Anthropic’s Claude Code team put out a short piece last week describing four kinds of agent loops: turn-based, goal-based, time-based, and proactive. Each type comes with a trigger, a stop condition, and typical use cases. The taxonomy describes surface. It says how the agent runs, how it stops, and what starts it. Underneath it sits a different question: where does the check on the work actually live? Each loop type puts that check in a different place, and the place that holds it is the place a team has to make durable before the next loop up is safe to build.

In a turn-based loop, the check lives in your judgement. The agent gathers context, does the work, checks itself, and hands back a result. You decide whether to accept it, redirect, or discard. Your judgement does not scale past a certain volume of work. What helps is writing the check down as something the agent can run before it comes back to you. Start the dev server, exercise the changed control, take screenshots before and after, run the affected tests. A skill file that encodes these steps moves the check from one person’s head to a file the whole team can read and improve. Every loop above this one assumes that file exists.

A goal-based loop moves the check into the exit criterion. You state what done looks like, and an evaluator model tests the condition each time the agent tries to stop. A measurable criterion, such as a Lighthouse score or a latency threshold on a specific endpoint, stops the loop on something you can defend after the fact. A vague criterion stops the loop early, because the agent convinces itself it is done, or lets it run long, because there is no way to be sure. Most teams do not have exit criteria for their own work written in language a person could act on, let alone an agent. The first attempt at a goal-based loop usually exposes that gap.

With a time-based loop, the trigger carries the check. The same prompt runs every N minutes against the current state of the world: summarising a channel, sweeping a queue, checking a pull request for review comments. What usually breaks here is the interval, not the prompt. A short interval against a slow-moving source wastes tokens, and a long interval against a fast-moving source misses changes that need a response. When the source system can emit an event, such as a webhook or a queue depth alert, an event trigger ties each run to a change that actually happened. A time-based loop works better as a stage on the way to an event-driven one than as a destination.

A proactive loop spreads the check across the whole system around the agent. A routine watches a stream of bug reports, alerts, or tickets, and runs a goal-based loop for each item until someone turns it off. This is a queue consumer whose judgement comes from a model, so it needs the same properties as any production consumer: idempotency, rate limits, spend caps, observability, a shutoff, and an owner. The Anthropic post covers token budgeting and routing routine subtasks to smaller models, which matter for cost. The harder question is ownership. A routine without a clear owner will eventually do the wrong thing with nobody responsible for noticing.

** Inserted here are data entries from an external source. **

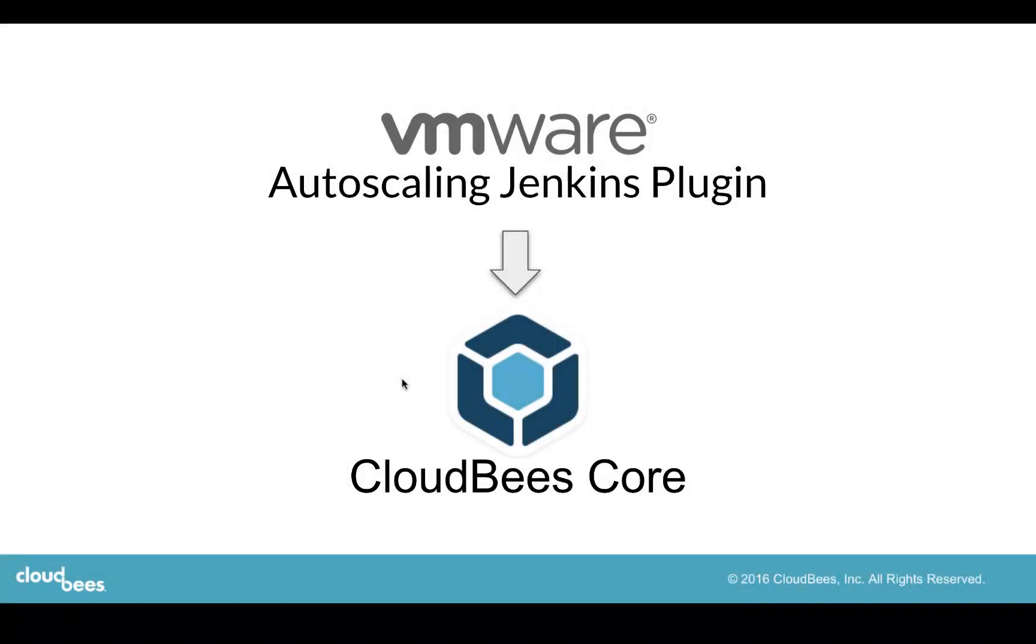Hi, this is Jeff Fry with CloudBees. Today I'm going to talk to you about our updated VMware Auto Scaling Jenkins plugin for CloudBees Core Enterprise Jenkins.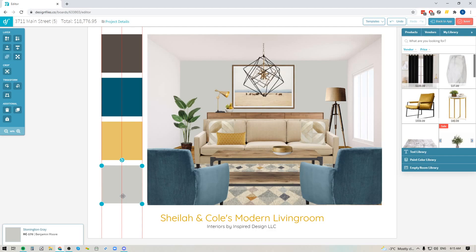You could also use this feature if you're creating a gallery wall and you just want to make sure all the art pieces are lined up or for any other items when you're creating your design board.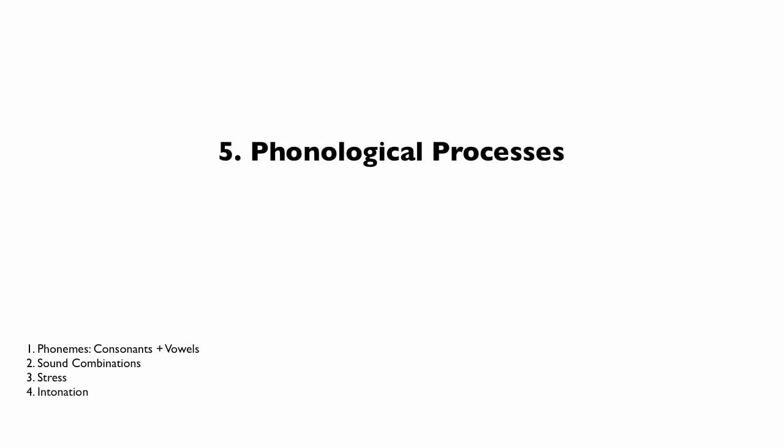In unit five, we will learn about phonological processes. To me, this is one of the most interesting aspects of linguistics. Here we will learn about the more complex pronunciation rules of Russian speech that create problems in our English pronunciation.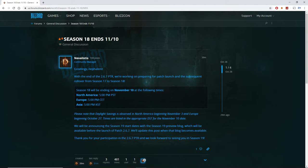They've just announced that season 18 ends on the 10th of November. So that's pretty much in line with what most people are thinking, right, that season 19 will probably start end of November, beginning of December.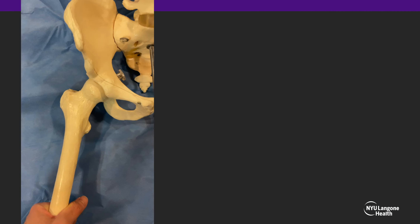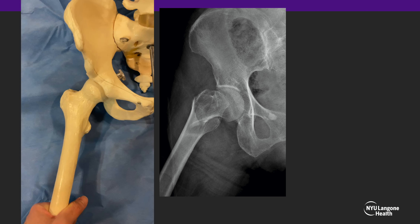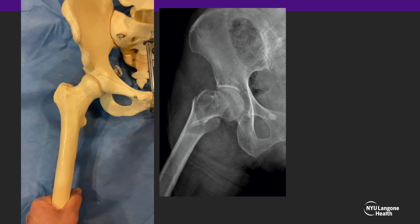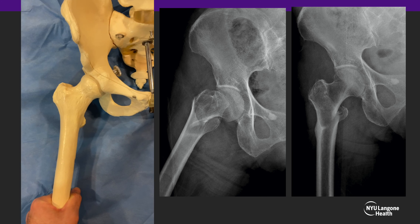Here is another example of the effect of the internal rotation component. Initially, the hip fracture causes the lower extremity to sit shortened and externally rotated as demonstrated here. Once you rotate the lower extremity internally with traction, the fracture better aligns and the proximal femur is presented perpendicular to the x-ray beam.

Three of these places build on each other directly. The check written down at the turn-based level is what the goal-based loop evaluates, and the criterion defined at the goal-based level is what the proactive routine applies to each item on the stream. The trigger sits beside this chain rather than inside it: a schedule or an event source decides when the runs happen, not whether their results can be trusted. A proactive routine built on unverified goals does not automate anything useful. It repeats whatever was already broken, at a cost that grows with how often it runs.

So the loops are the visible layer, and the durable artifacts sit underneath them: the skill file, the exit criterion, the trigger, and the observability around the routine. A team can locate its missing artifact by looking at what it still does by hand. If UI changes are verified manually at the end of every session, the skill file has not been written. Case-by-case judgement on whether a fix is done usually means there is no measurable exit criterion. A script that someone remembers to start every morning is a schedule that has not been written down, and after that an event trigger. Hand triage of a steady stream of reports is a routine that has not been built yet. These artifacts outlive the specific prompt, the specific model, and the specific team. Writing them down is the work the loops post points to.